### Brief
Find the line containing "Used 2022 RAM" in the listing below. Repeat it exactly, along with each following line up to and including the one containing "Зарядно устройство SAMSUNG".

### The data
»»
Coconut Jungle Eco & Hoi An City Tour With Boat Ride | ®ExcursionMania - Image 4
««
»»
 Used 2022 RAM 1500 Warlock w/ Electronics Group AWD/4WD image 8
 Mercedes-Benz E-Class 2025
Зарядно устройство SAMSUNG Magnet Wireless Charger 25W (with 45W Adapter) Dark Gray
««
### Response
 Used 2022 RAM 1500 Warlock w/ Electronics Group AWD/4WD image 8
 Mercedes-Benz E-Class 2025
Зарядно устройство SAMSUNG Magnet Wireless Charger 25W (with 45W Adapter) Dark Gray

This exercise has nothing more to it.